Source material ::

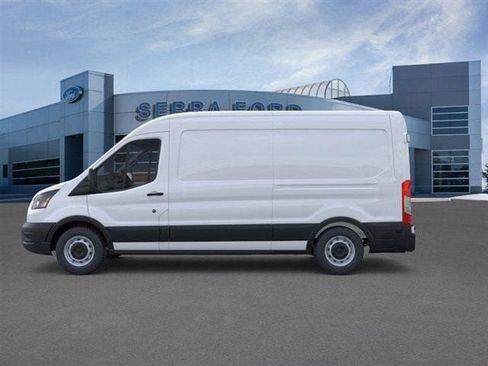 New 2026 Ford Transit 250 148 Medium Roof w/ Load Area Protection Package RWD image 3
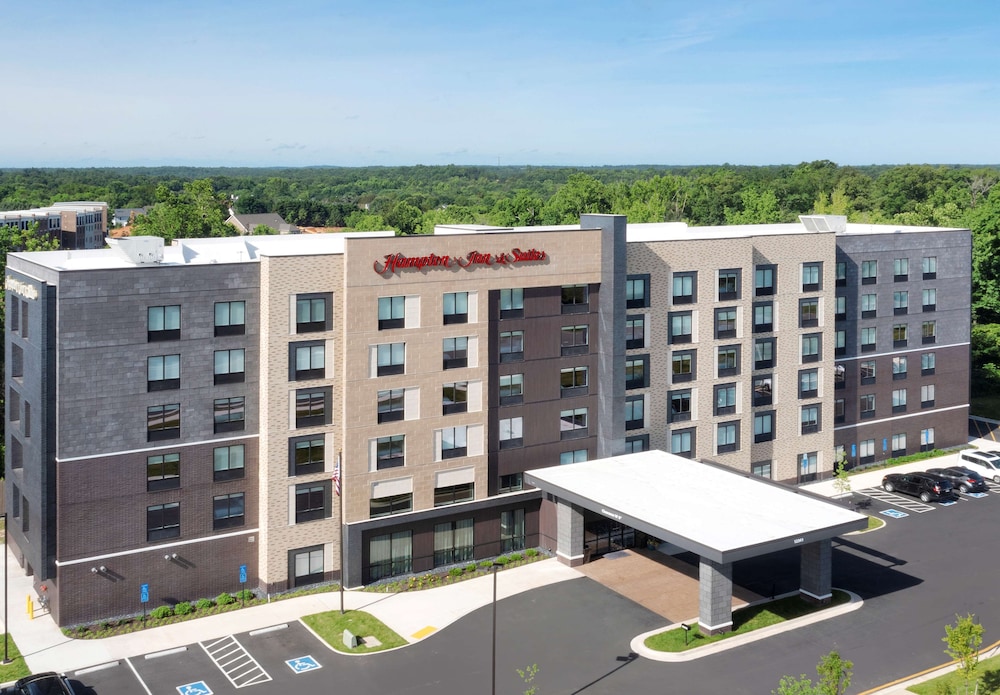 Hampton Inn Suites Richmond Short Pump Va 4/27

* * *

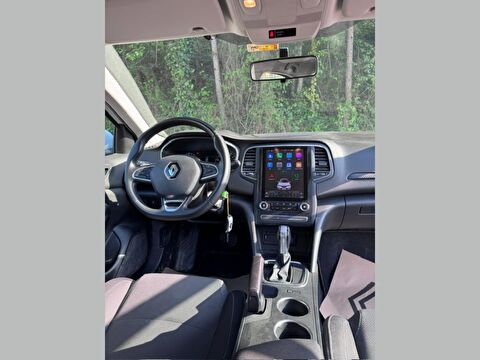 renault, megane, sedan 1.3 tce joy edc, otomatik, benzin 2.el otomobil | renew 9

Exercise requirements ::
From the line holding "New 2026 Ford" to the line holding "Hampton Inn Suites", both included, retype the entries above exactly and drop the pictures.

Answer to the problem ::
 New 2026 Ford Transit 250 148 Medium Roof w/ Load Area Protection Package RWD image 3
 Hampton Inn Suites Richmond Short Pump Va 4/27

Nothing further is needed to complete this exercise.